Tips on raising an independent child

Ellen Gibran-Hesse's Tips:

  1. The economy is a blessing in disguise to start focusing again on job skills that young people need and haven't been getting for the last 2-3 decades. It is why we have a third of 18-34 year olds living with parents.

  2. It is important to look at how college works into a career and no longer believe that getting a degree is enough to land a good job. Without work experience, college students start at the bottom.

  3. College isn't the answer. A good plan on how to achieve career goals is the answer. It may or may not involve college. There are many options for becoming well educated for a career, not just four year colleges.

  4. Parents need to be involved helping their teens and young adults find their way in the work world through writing resumes, finding jobs, and thinking of where they are going in the next 2-5 years. This is the first generation of parents who stop parenting young adults believing that sending them to college is all that needs to be done.

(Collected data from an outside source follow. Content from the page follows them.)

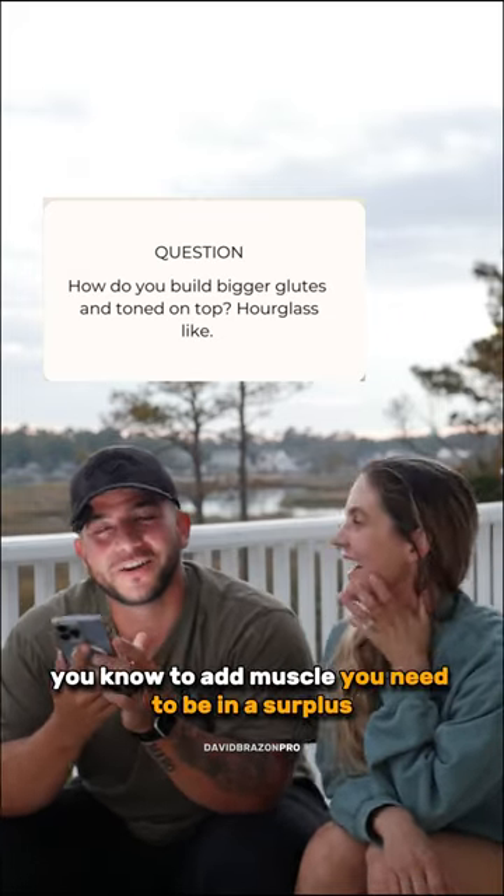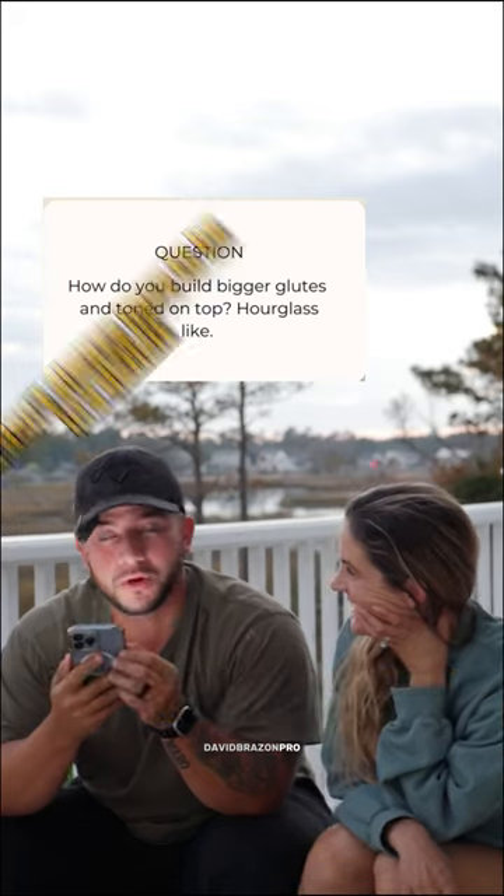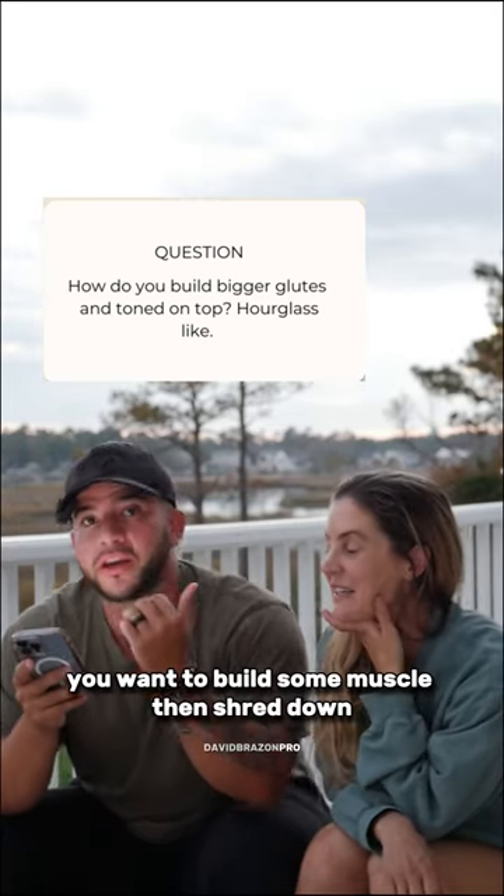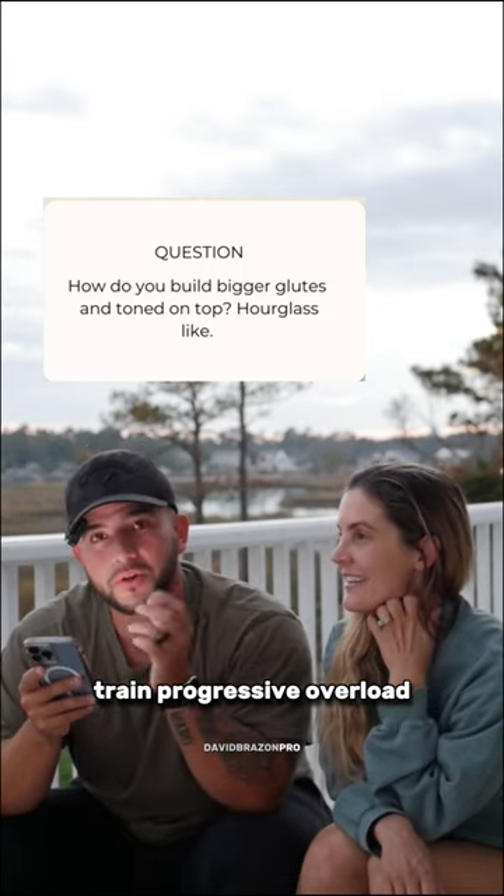You want to do strength training. To build a muscle, you need to be in a surplus. You don't always have to be in a deficit. Weight loss is not always the answer — you want to build some muscle, then shred down. Train progressive overload.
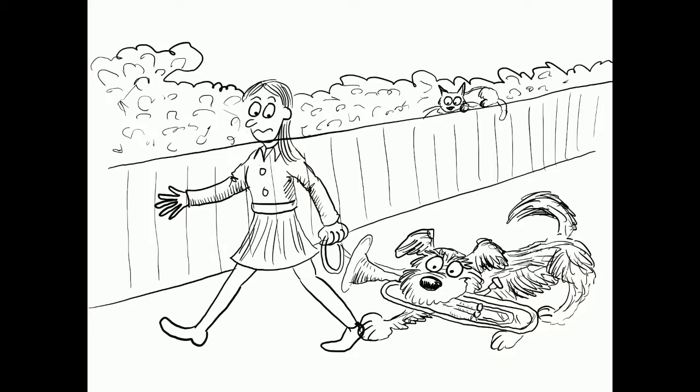Now washing in some of the colours — there's the sky and the hedge, and the fence, and then the pavement.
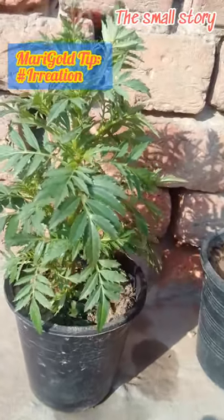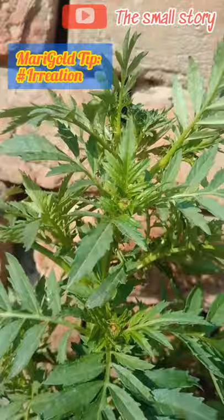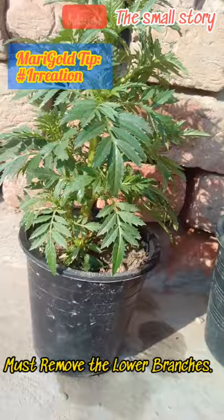An important tip to grow healthy fresh marigold plants is to make a good aeration system. It will help the plant to grow more quickly and healthily. Removing the lower leaves and small branches helps the air to pass through the plant and the sunlight to reach the soil.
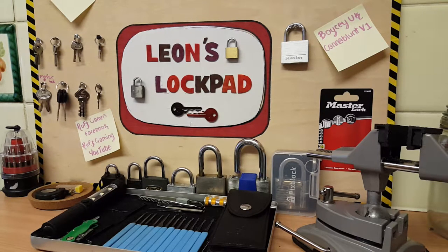Hello and welcome to Leon's Lockpad. Today I went down to my local Aldi store.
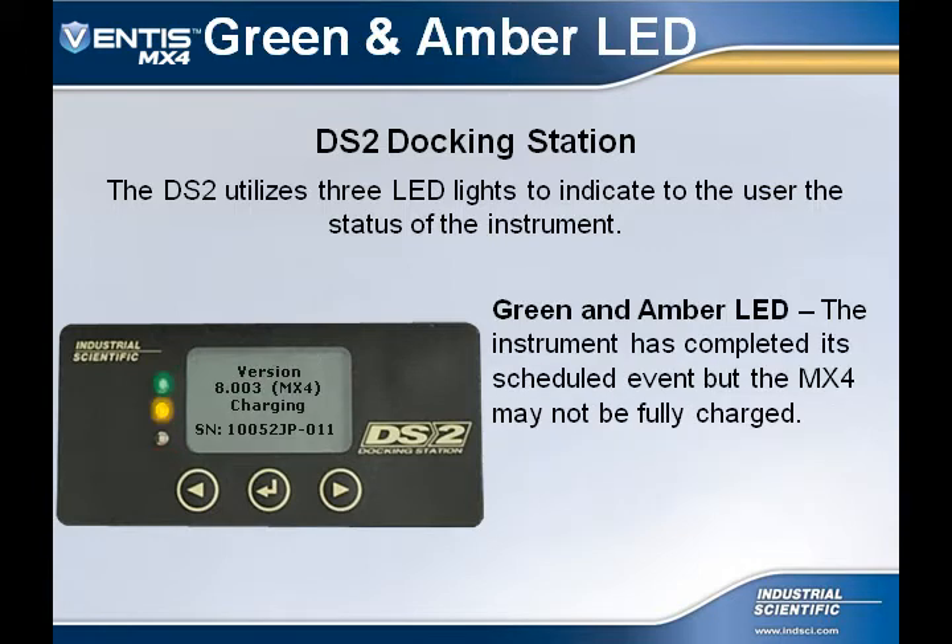The last indication would be if both the green and amber LEDs are lit. This indicates that the instrument has finished its scheduled events, but the battery may not be fully charged. The green indication means the instrument can be removed and used, but with a green and amber LED you must check the battery first for sufficient battery power before use.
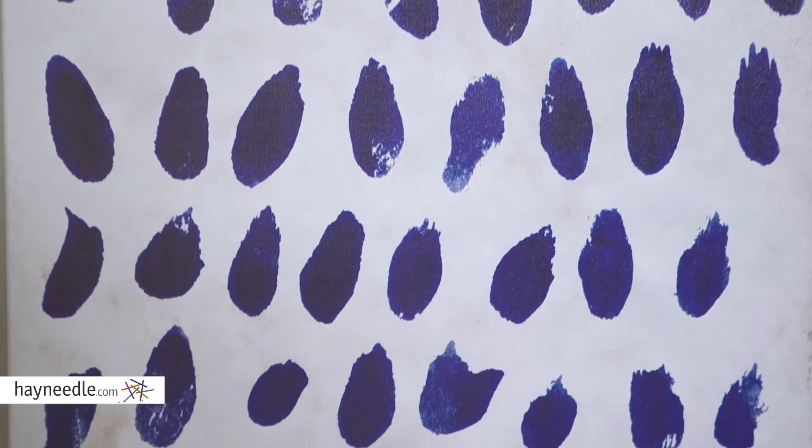It's available in multiple sizes. This is the 24 by 36 inch size, so there are a couple smaller and a couple larger, so find the right one for your space and find them at hayneedle.com.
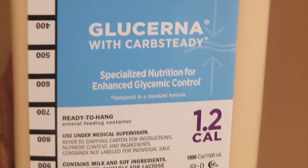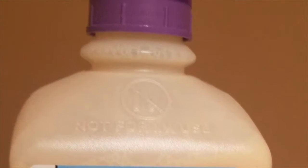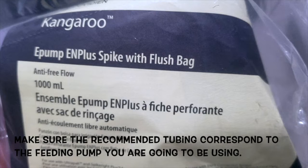So this is what the formula bottle looks like. They are usually customized to the patient's dietary needs. Depending on your facility and what manufacturer they use, just make sure the recommended tubing corresponds to the feeding pump you are going to be using.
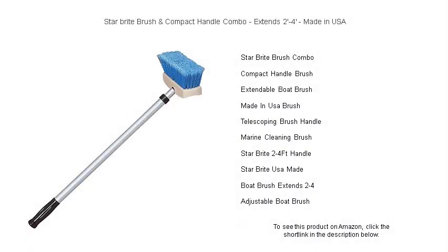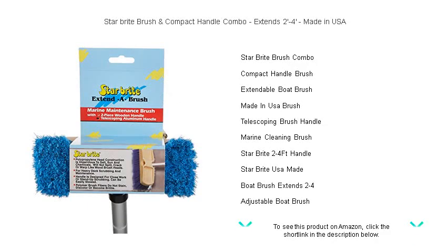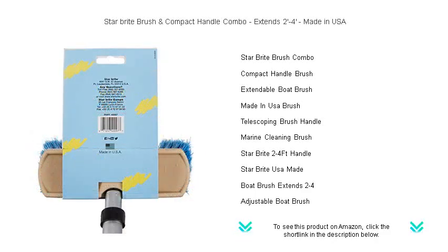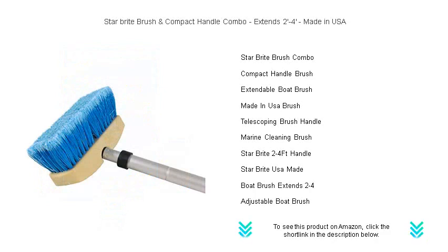Achieve pristine cleaning with ease using the Star Bright Brush and Compact Handle Combo. This premium, made-in-USA cleaning tool is versatility at its finest, extending from two feet to four feet to reach every nook and cranny of your boat, RV, home, or automobile. With its lightweight design and sturdy construction, you don't have to sacrifice comfort for durability.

  5. Work is an essential part of development for the teen and young adult brain and personality. Career pathway exploration through work is critical to young people becoming adults.

  6. Young people need life skills such as money management, time management, bill paying responsibility, and household responsibilities, i.e. chores. Keeping them from these responsibilities is crippling.

  7. If a "child," even one in their 40's, has come home to live, have a concrete plan in place for their returning to independence. If they never left home, start a concrete plan that is about a job, not college.

  8. If a parent is paying the bills, the "child" is in your employ. They need to earn their keep by job training or job hunting. Require a report.

  9. I use the golden hammer analogy as a way for parents to change their thinking. Parents assume if they give their children a golden hammer (college), a mansion (good career and job) will magically appear. You need a blueprint and some serious work to get the mansion.

  10. Schools need to change to give more job and life skills and opportunities to our young people. We need more career tech classes for all students.
About Ellen Gibran-Hesse:
Ellen Gibran-Hesse is a single parent with two sons, Richard and Adam, ages 19 and 22 as well as two "adopted" young adults, a young man, Justin, 24 and young woman, Gina, age 32. As the oldest of six children born in seven years, she assisted the raising of her siblings from a very young age. Ellen was so much their surrogate mother that when she went off to college at age 18, her parents blamed her for the family falling apart and their children falling into drugs and rebellion.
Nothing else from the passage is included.